*The input:*
_ _ _ _ _

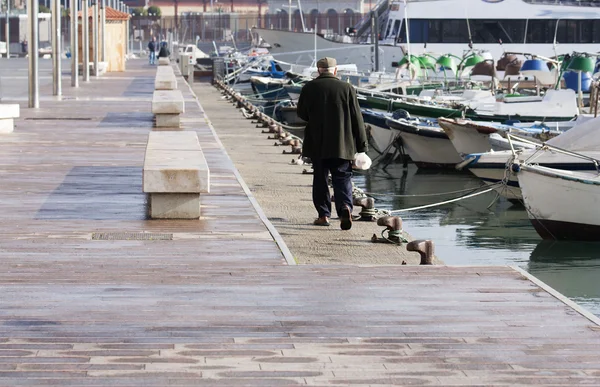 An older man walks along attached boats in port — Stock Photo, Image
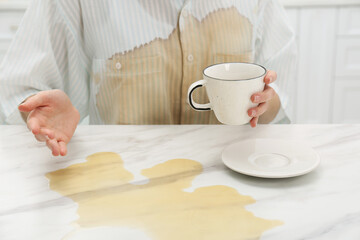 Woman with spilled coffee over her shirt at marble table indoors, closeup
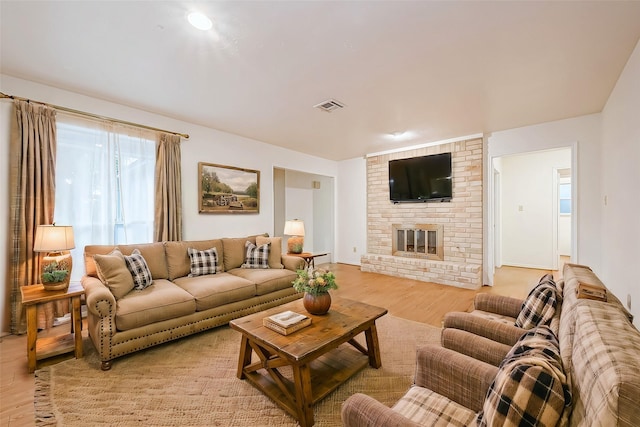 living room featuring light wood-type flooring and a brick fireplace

_ _ _ _ _

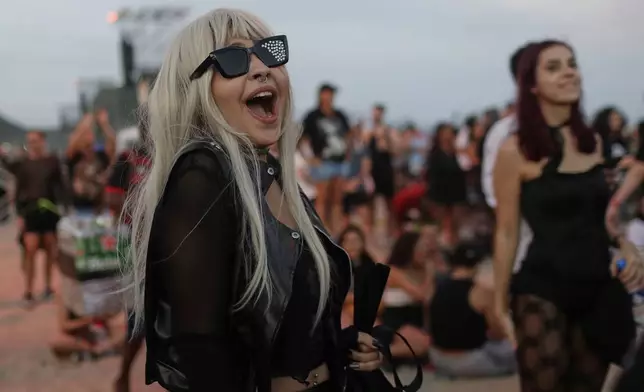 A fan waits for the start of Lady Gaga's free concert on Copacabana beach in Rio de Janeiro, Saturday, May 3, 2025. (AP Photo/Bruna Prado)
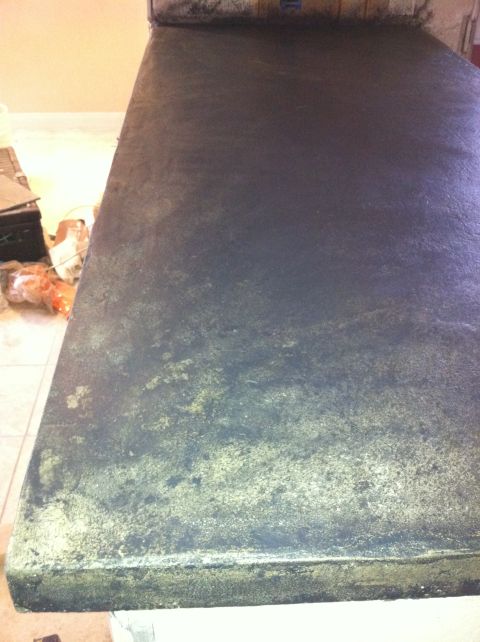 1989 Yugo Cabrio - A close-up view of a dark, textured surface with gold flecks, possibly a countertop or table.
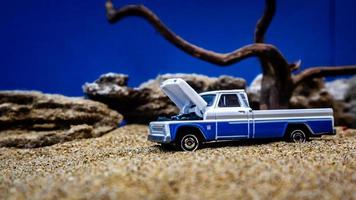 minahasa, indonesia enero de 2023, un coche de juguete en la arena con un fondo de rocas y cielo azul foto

_ _ _ _ _

*Work instruction:* The lines above starting at the one that holds "Woman with spilled" and ending at the one that holds "living room featuring" are to be written out exactly, ends included, and no pictures are to be copied.

*Output for this task:*
 Woman with spilled coffee over her shirt at marble table indoors, closeup
 living room featuring light wood-type flooring and a brick fireplace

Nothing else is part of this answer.